Review Summary: Tired and worn out, from being tired and worn out.
Daniel Campbell is a liar! That’s the first thing that springs to mind when it comes to listening to No Closer To Heaven, it’s been five years since he announced he wasn’t sad anymore and if the 4 albums they’ve put out are anything to go by, someone wasn’t being honest. No Closer To Heaven is a complete rehashing of everything The Wonder Years have previously done; yes there’s a greater level of instrumental dynamics than is typical of the genre, yes the band is still pretty good at writing somewhat catchy songs and yes Campbell is still depressed, still sorry he doesn’t laugh at the right times and still pushing that same worn out rhetoric that has made up the bulk of The Upsides, Suburbia and The Greatest Generation.
The problem is that No Closer To Heaven basically spits on everything the band accomplished with The Greatest Generation, TGG saw the band moving beyond their previous work, challenging song structures, layered vocal set ups that put each member to good use, a driving lyrical narrative and all of it was backed by excellent production. No Closer To Heaven feels like nearly every track was produced by a different person, it’s disjointed, at time (Cardinals) everything fits incredibly well, at others (A Song For Ernest Hemingway) it’s a complete mess, by the fifth album in a bands career these sort of issues aren’t going to be glossed over any more.

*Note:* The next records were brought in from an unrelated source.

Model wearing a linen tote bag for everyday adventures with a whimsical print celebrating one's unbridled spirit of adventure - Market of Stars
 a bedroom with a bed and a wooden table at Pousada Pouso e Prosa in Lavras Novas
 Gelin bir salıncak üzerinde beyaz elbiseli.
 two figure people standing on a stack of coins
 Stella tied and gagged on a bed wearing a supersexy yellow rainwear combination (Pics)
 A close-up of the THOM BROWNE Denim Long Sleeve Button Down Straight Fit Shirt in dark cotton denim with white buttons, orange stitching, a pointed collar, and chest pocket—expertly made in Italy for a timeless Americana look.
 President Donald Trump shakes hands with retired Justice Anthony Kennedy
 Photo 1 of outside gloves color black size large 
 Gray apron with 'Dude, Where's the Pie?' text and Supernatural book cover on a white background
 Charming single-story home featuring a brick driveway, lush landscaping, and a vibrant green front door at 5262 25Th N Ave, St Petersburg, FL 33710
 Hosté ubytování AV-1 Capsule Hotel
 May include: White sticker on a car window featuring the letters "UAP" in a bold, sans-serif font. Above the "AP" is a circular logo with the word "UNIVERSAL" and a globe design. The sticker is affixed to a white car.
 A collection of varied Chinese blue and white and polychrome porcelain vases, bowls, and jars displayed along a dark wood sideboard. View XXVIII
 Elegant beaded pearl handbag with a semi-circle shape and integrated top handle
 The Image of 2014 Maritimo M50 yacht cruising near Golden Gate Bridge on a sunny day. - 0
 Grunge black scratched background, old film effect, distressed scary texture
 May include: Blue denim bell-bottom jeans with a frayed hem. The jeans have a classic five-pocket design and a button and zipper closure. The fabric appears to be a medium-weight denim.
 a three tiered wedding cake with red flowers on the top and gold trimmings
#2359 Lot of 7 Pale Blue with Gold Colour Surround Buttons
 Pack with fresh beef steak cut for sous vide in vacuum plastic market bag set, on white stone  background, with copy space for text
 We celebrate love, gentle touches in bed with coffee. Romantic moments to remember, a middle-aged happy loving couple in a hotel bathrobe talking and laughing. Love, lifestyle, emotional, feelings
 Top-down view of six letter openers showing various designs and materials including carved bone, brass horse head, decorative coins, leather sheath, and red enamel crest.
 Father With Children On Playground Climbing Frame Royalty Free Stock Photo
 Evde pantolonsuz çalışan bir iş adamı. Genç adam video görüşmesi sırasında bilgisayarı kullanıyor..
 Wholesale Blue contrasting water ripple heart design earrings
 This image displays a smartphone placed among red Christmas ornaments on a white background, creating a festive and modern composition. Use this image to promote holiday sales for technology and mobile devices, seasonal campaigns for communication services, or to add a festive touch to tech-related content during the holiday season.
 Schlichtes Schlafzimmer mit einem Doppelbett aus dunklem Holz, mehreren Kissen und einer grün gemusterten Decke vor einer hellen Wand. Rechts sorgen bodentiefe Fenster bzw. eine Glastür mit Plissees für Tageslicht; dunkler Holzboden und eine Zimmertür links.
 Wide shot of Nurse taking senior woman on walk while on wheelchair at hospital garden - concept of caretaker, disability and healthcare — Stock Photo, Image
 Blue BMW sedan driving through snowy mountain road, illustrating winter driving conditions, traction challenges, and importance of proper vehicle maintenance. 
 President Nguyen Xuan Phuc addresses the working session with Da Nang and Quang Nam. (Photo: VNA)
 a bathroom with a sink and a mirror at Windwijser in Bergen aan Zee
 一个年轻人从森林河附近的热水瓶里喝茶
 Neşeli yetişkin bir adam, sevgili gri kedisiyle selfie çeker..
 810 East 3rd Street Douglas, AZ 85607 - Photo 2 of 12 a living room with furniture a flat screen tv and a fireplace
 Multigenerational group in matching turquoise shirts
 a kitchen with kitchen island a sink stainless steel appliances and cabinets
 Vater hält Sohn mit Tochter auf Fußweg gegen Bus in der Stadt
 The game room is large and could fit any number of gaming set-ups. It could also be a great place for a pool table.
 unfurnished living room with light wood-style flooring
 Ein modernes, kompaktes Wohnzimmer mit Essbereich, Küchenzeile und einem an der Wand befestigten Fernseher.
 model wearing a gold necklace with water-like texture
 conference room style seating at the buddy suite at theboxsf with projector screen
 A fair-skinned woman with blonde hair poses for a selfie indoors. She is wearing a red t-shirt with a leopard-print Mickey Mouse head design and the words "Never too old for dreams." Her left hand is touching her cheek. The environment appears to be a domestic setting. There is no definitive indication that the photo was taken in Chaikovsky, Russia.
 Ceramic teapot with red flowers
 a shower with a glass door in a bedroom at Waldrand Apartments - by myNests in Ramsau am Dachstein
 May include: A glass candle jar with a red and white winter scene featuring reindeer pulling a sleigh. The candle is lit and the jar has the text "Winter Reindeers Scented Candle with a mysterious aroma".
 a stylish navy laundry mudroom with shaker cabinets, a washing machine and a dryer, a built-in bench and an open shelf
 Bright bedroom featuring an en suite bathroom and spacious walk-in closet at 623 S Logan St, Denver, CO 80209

Truthfully the real issue with No Closer To Heaven isn’t what it does, but rather what it fails to do; previous albums flowed incredibly well, never getting tiresome and worn out. Comparatively No Closer To Heaven loses its steam six tracks in and struggles to regain it for the rest of the duration. The Upsides, Suburbia and The Greatest Generation were conceived as a trilogy and that ends up hurting No Closer To Heaven because the band hasn’t been able to move past that sound into new territory, there are minor stylistic changes that hint at progression but how they’re utilised is damaging to the album itself. Campbell has grown tremendously as a vocalist over the years, but on No Closer To Heaven it appears he’s gotten both too confident and too timid at the same time; on previous works the other band members would often jump in to save Campbell or rather the song itself from getting too dull and boring, with Campbell now contributing 99% of the vocal performance it serves to highlight just how limited his range really is.
The decision to include Jason Butler on “Stained Glass Ceilings” was an interesting choice, he certainly stands out, but at the same time one has to question whether he really fits the sound of the track and whether his appearance is entirely necessary for the song to work. The band itself is still as on point as they’ve ever been, they’re just not doing anything new, they’re not challenging themselves or the listener and unfortunately having built their career on challenging the pop-punk stereotype it’s somewhat expected that they maintain a healthy level of progression. No Closer To Heaven isn’t a bad album, just a bad The Wonder Years album, hopefully some of the minor progressions can be expanded on but for now No Closer To Heaven is a letdown, the style and sound have been played out far too heavily in the past two years (Modern Baseball, The Hotelier, Tigers Jaw), it’s unfortunate that The Wonder Years had to be the straw that broke the camel’s back, but at this point it’s time to say thanks for the ride and move on.